Attached are a couple more.

FWIW, the corrugated wrap provided with this kit is about an inch short of true scale ... I had to cut down the upper part of the LJII airframe an inch to keep the proportions correct. Naturally, I didn't figure this out until after I had the wrap installed and stood around thinking "that just doesn't look right." I should have measured it before putting it on, of course -- another lesson learned. But I'm not sure what I would have done about it other than scratch-build the corrugations, and having done the fins, tower, CM, and decals with non-kit parts I'm pretty close to a scratch-build already. Some of that is due to my own changes (as I note in the aforementioned thread I opted to model the A-001 round instead of the QTV) but Jonathan is correct: this is really a semi-scale "fly for fun" kit.

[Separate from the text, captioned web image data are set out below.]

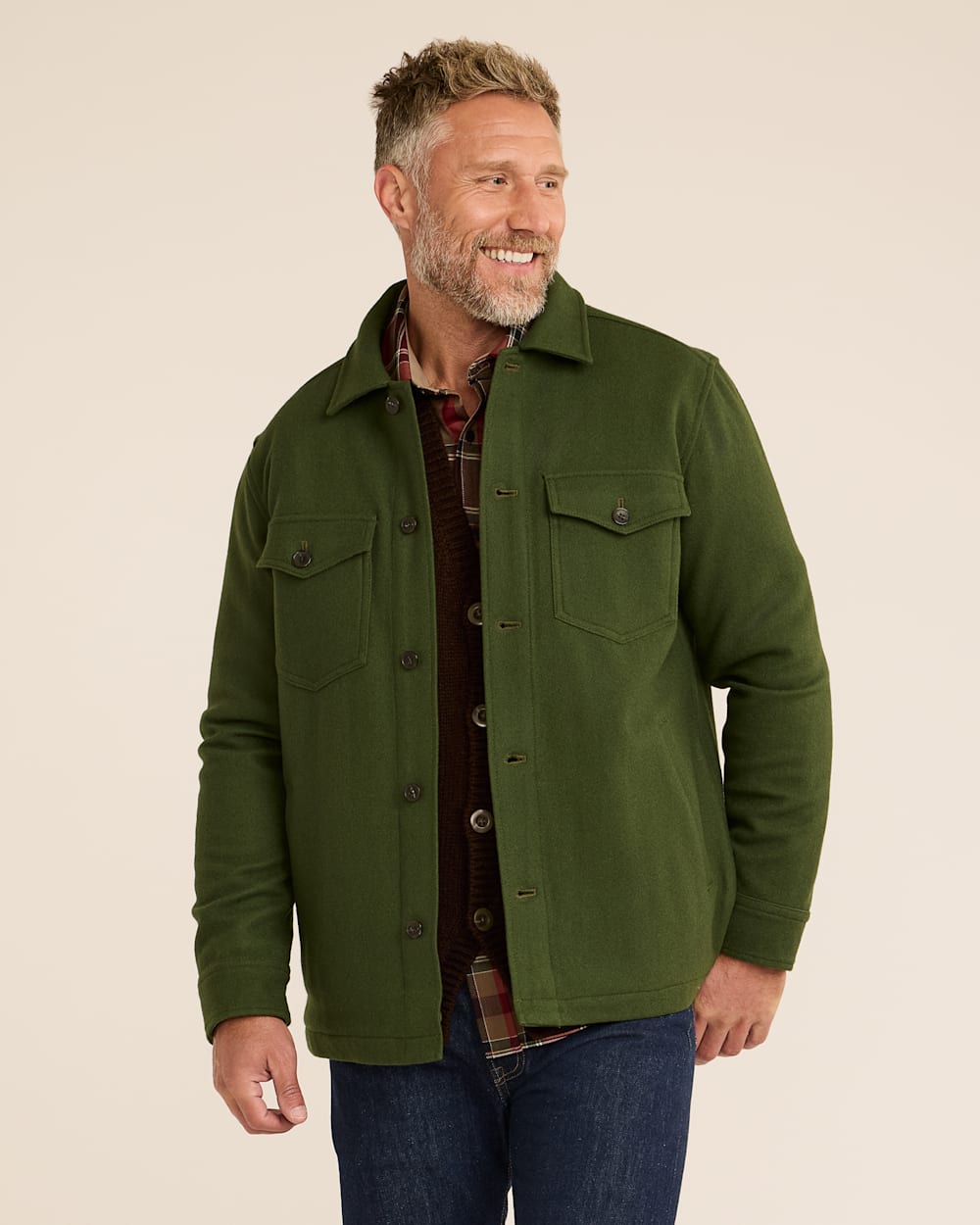 MEN�S WOOL LAWSON COAT IN ARMY GREEN image number 1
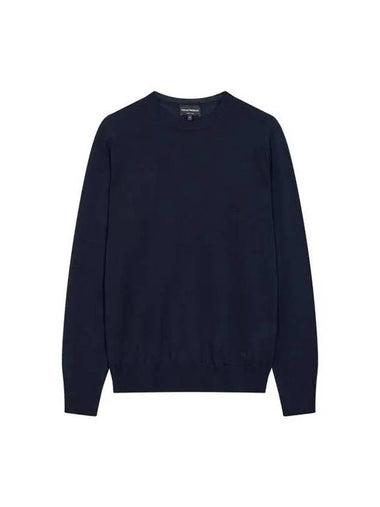 Men s long sleeve wool crew neck knit navy 271196 - EMPORIO ARMANI - BALAAN 1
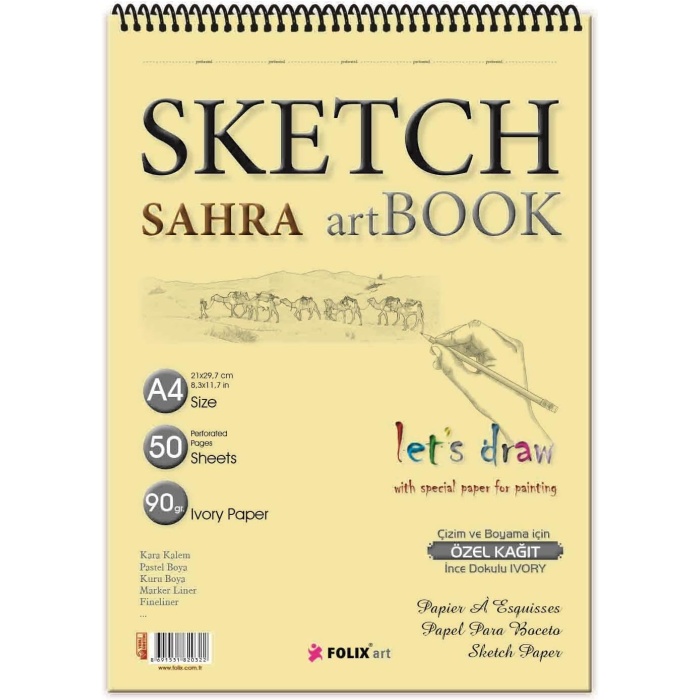 Etika Eskiz Defteri A4 50 Yaprak Spiralli Ivory Sketchbook 90 gr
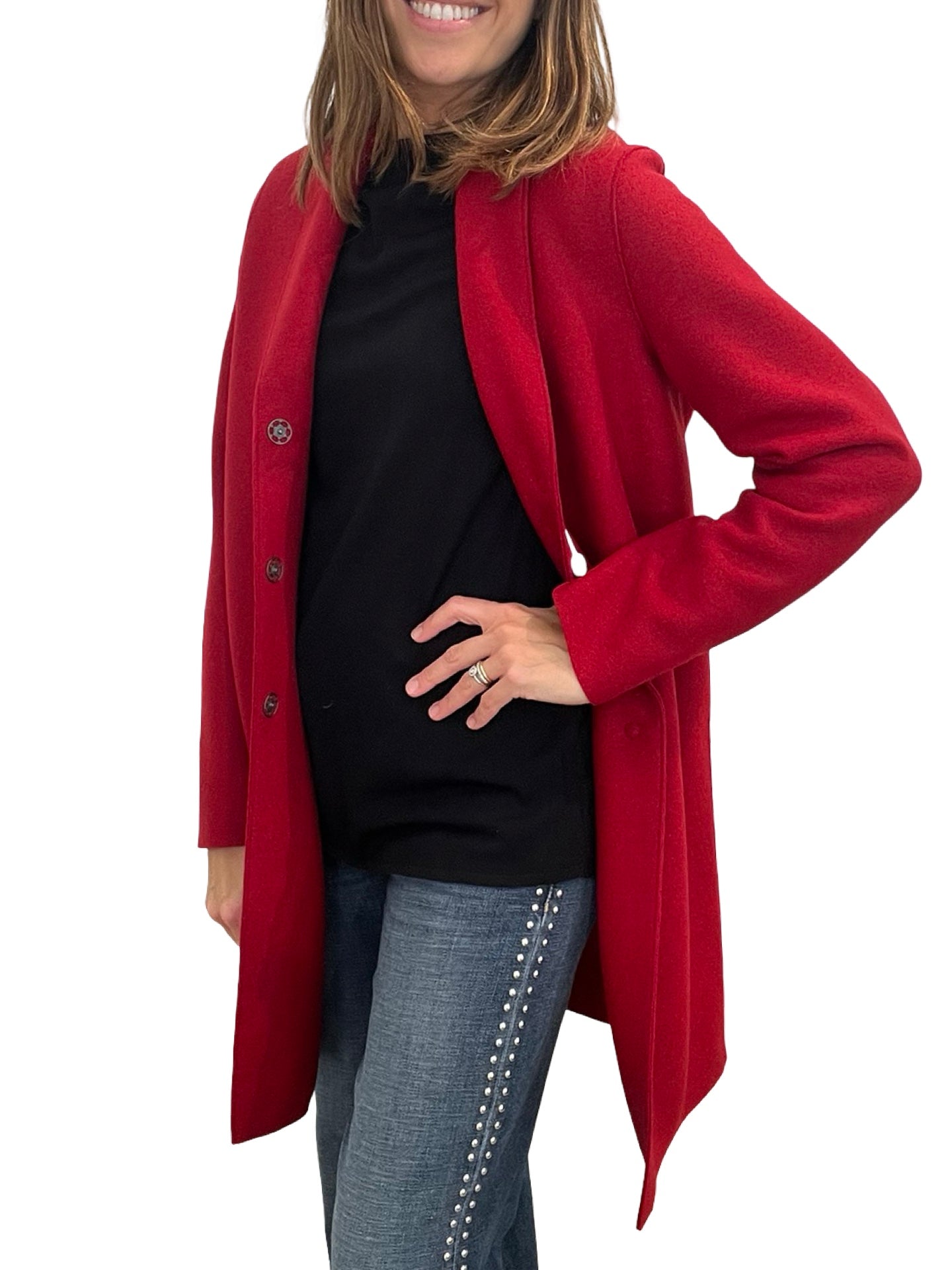 Harris Wharf London Pressed Coat Red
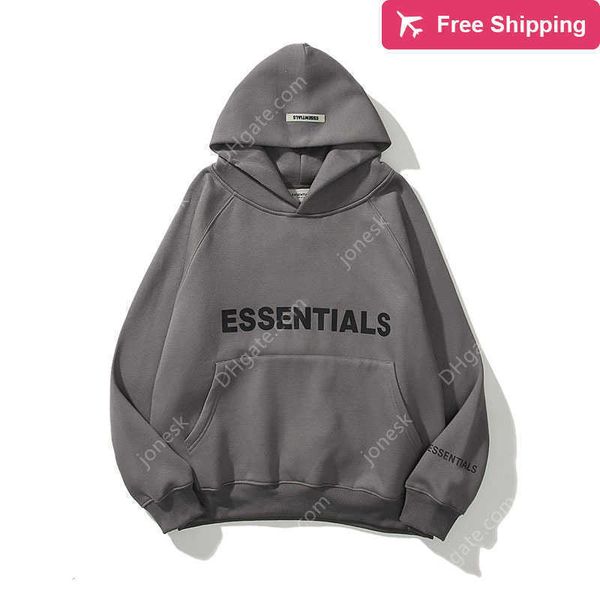 

2023ss essentials men's casual s printed fleece oversized hoodie hip hop street sweater s-3xl, Black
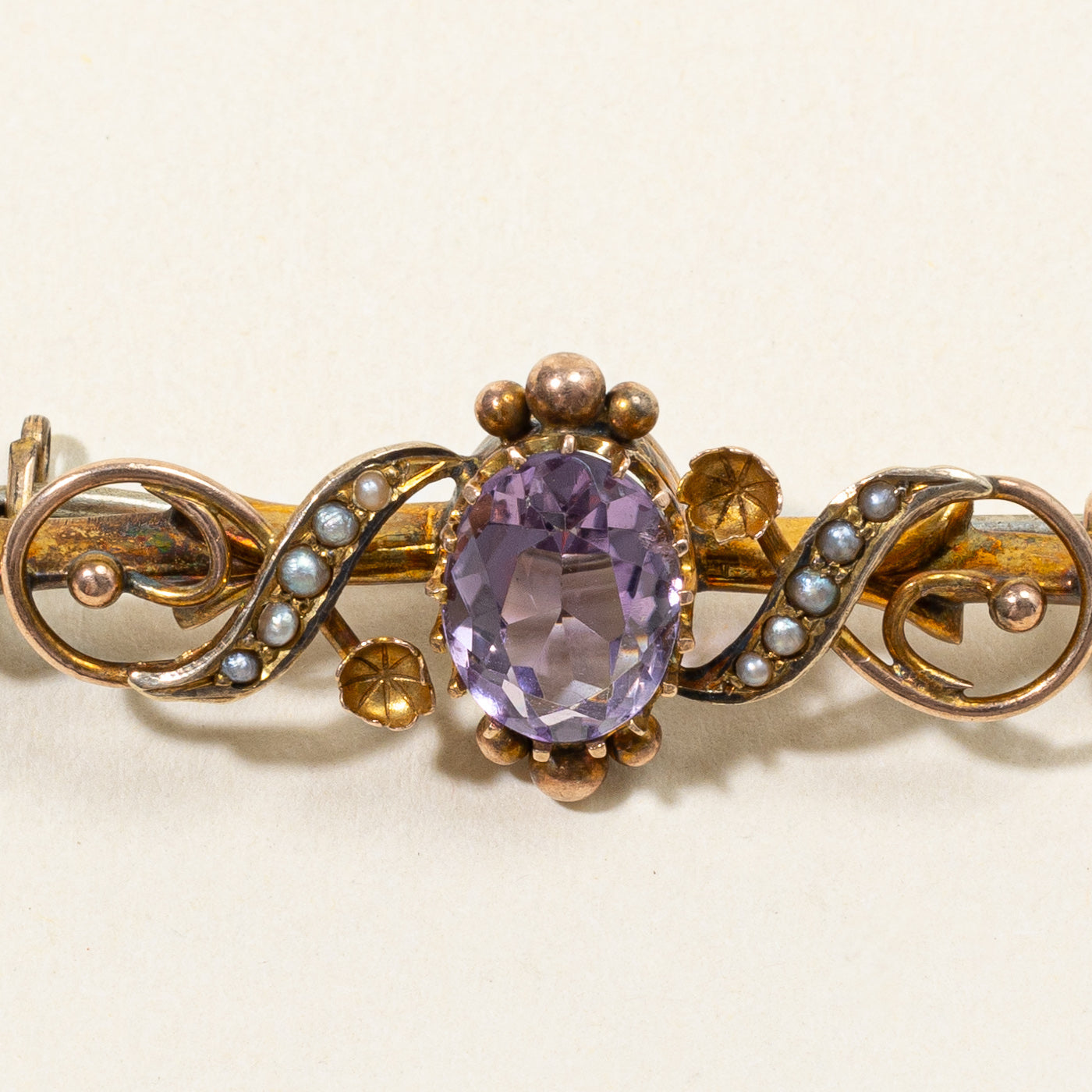 1918 Chester Amethyst & Seed Pearl Brooch | 2.00ct |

3602s ... LJII sporting a fresh coat of polished aluminum Alclad
2920s ... The LES attached to the CM
2921s ... Applying the first of the decals



Tim,

These are VERY nice and I hope mine will look even close to what you have done. Yes on the dimensions... they are a bit off. I am using Alway's rockets of the World (1st ed.) and Beech-Gassoway drawings. The Corrigation does need cuting and so does the airframe tube, but you have to cut the tube anyway to make the parts needed for the cone.

Did you go solid balsa/wood on the fins or just use the styrene? I am going basswood ... more on that later

Jonathan


P.s. Tim, I learned the hardway to NEVER trust the manufacture's dimensions when building scale! They have to cut corners due to costs and stability.

OH someone asked if my fins on my now crashed Saturn 1b (Cover of Sport Rocketry Nov/Dev 2008) were scale ... YES! Just took a lot of buckshot and clay in the nose cone! There I took a Semroc Sat 1b and cut tubes and engine skirts to match the true scale.

The Apogee is better and right on ... just $200 is steep, but very worth it! I have one and I don't think I will ever build it ... just too valuable a kit. A $50.00 Semroc 'fixer upper' is the way to go!